This will often be acceptable for many typical use cases, especially if the gossip channel is fast and scalable enough as far as the rest of the system is concerned. The channel used for gossip may, for example, be a public key of the central server, plus the unique process-ID. Clients may also gossip such redacted proofs on such a channel. Using this technique would allow parties who are interested in the given process ID to learn about changes to that process. Gossip messages should be valid, and therefore propagated by the network, only if they contain a valid server signature. While the server may collude with an attacker and produce a secret, non- authorized proof, when the attacker tries to use this proof to accomplish something bad, whichever entity it is shown to can gossip it, and wait for some other entity to gossip back a conflicting proof, and if it exists, the collusion of the server can be proven.
[0063] Not every user may always gossip with all other users about such proofs. For example, users of a lower-level DSV may be the only ones gossiping about transactions in their own DSV instance. This option may, nonetheless, be suitable in cases where entities wish the patterns of their DSV instances to remain private from the rest of the world, or where there is heavy traffic in the hands of small number of people, although both cases would typically be less secure due to a smaller number of nodes gossiping the data.
[0064] Prove no split view
Again, to address this issue, there are alternative embodiments of a solution:
• Publish Tree Head Log in an additional, different blockchain, for example, an external one, and use that to prevent split view
• Use validators to gossip, although this would allow such validators to learn the transaction hash patterns of participating entities. • Gossiping of the root hash , signed by the server (for example, using a KSI signature). This solution requires no highly available validators. In this case, there may be a sequence number of that publication. This is possibly an optimization, since the gossiped publication data should also include an index number.
• Gossip the root hash, which is also calculated from the data for all mutations.
Mutations may also have backlinks to previous valid changes/mutations for modified keys. The backlinks may then help detect flip-flop attacks by the server. A flip-flop attack is a case wherein the server maliciously changes a state and then reverts it back. A legitimate user of the system will be unable to detect this, unless there are backlinks to every valid mutation which presents the entire history to the user.
[0065] In addition to the messaging techniques used to propagate gossip, the structure of the gossip message should be specified. The design of this message should support the goals of the gossip function, within DSV, namely, to allow users to efficiently audit the server, as it operates, and to detect split-view attacks, and other forms of incorrect operation.

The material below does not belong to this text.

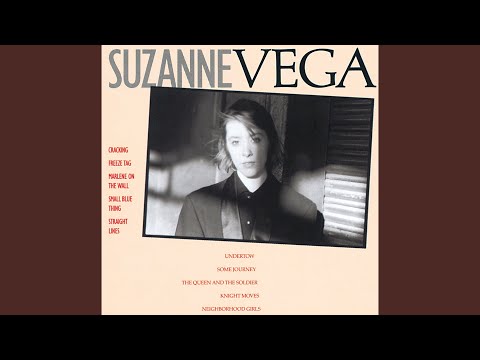 Knight Moves - Suzanne Vega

[0066] Each Gossip may have two components, which are created at each publication interval:
1 ) pub/sub delivery of high level messages
2) a series of Supplemental Objects, which, together, form a constantly growing cryptographically linked data structure, which can optionally be downloaded, stored and audited (the "Audit Object").
[0067] The pub/sub level gossip message should contain:
• index number of gossip. All gossip messages should be numbered in monotonically increasing order.
• new state root
• server signature on this state root
• content hash of a Supplemental Object, which, if one has the hash, can retrieve the object using a distributed content addressable file system. This technique assumes the existence of such a protocol.
• server signature on the content hash [0068] The Supplemental Object preferably contains:
• THLog proof and THLEntry leading to the same new state root contained in the pub/sub gossip message (THL: Tree Head Log)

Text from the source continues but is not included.